SUPPLIED MATERIAL:
-- -- --
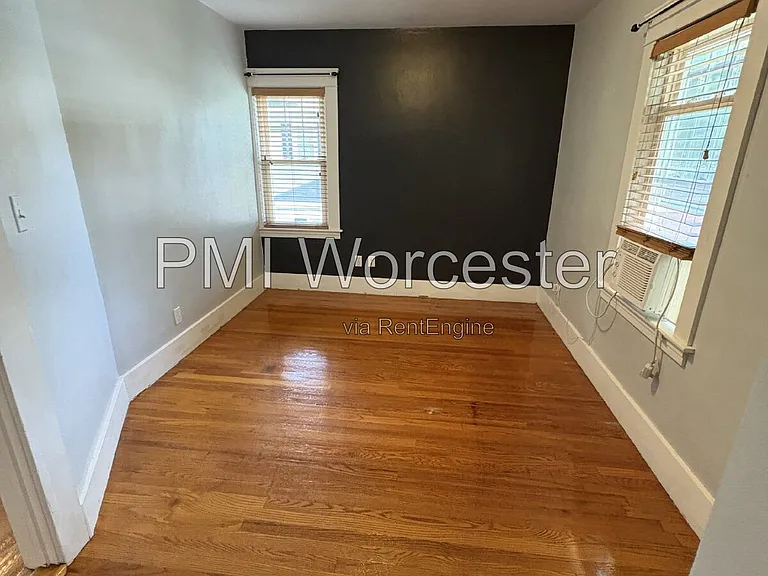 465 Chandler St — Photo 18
-- -- --
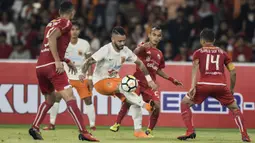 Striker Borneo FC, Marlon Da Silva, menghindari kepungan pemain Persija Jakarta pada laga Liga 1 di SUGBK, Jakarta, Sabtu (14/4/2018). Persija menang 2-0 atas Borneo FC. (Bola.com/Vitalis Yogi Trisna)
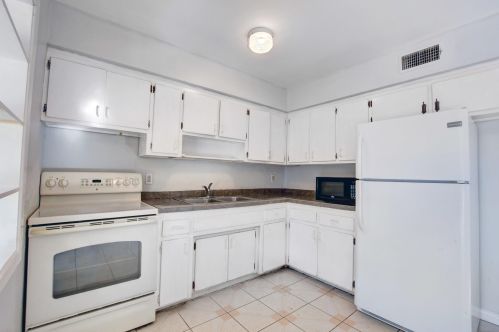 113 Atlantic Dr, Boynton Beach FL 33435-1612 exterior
-- -- --
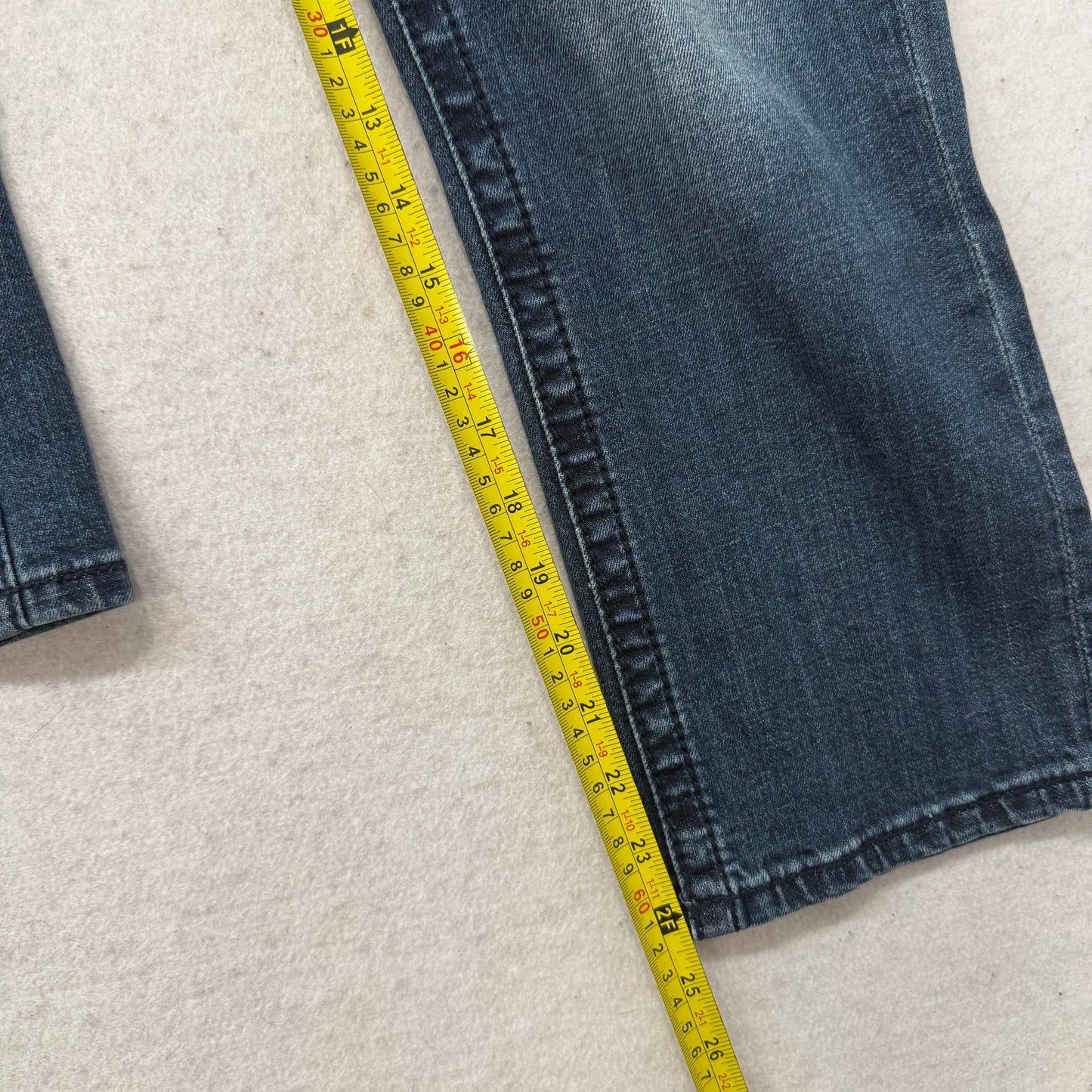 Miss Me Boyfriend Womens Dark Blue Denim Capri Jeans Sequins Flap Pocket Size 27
-- -- --
BRIEF:
Within the listing above, the lines from the one with "Striker Borneo FC, Marlon" through the one with "113 Atlantic Dr, Boynton" are to be given again word for word. Do not include pictures.

RESPONSE FOR THIS EXERCISE:
 Striker Borneo FC, Marlon Da Silva, menghindari kepungan pemain Persija Jakarta pada laga Liga 1 di SUGBK, Jakarta, Sabtu (14/4/2018). Persija menang 2-0 atas Borneo FC. (Bola.com/Vitalis Yogi Trisna)
 113 Atlantic Dr, Boynton Beach FL 33435-1612 exterior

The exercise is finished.